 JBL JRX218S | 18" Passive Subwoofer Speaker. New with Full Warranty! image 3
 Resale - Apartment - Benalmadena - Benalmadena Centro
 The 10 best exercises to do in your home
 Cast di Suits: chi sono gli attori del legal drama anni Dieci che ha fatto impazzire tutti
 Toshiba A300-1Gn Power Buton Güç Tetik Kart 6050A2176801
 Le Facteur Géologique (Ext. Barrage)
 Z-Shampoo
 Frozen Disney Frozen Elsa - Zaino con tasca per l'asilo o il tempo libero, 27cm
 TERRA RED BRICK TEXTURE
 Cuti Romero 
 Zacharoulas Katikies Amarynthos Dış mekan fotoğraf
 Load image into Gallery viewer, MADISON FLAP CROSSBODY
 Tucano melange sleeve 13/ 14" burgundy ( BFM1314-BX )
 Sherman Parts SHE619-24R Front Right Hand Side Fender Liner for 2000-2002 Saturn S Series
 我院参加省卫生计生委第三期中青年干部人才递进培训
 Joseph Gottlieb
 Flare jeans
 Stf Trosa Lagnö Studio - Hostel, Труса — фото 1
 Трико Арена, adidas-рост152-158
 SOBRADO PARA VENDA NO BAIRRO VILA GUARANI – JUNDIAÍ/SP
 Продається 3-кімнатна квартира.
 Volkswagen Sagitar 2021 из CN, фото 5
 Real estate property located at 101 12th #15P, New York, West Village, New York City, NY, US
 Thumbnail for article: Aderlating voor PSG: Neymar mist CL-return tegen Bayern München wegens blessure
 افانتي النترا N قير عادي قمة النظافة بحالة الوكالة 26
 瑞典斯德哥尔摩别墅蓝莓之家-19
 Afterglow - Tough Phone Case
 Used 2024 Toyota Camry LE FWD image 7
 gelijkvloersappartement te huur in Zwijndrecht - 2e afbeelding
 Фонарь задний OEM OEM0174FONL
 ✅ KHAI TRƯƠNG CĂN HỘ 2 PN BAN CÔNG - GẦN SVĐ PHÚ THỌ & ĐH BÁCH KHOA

▶ WHAT TO PRODUCE
Your task is to copy each line from the material above that includes the word "image".

▶ EXERCISE SOLUTION
 JBL JRX218S | 18" Passive Subwoofer Speaker. New with Full Warranty! image 3
 Load image into Gallery viewer, MADISON FLAP CROSSBODY
 Used 2024 Toyota Camry LE FWD image 7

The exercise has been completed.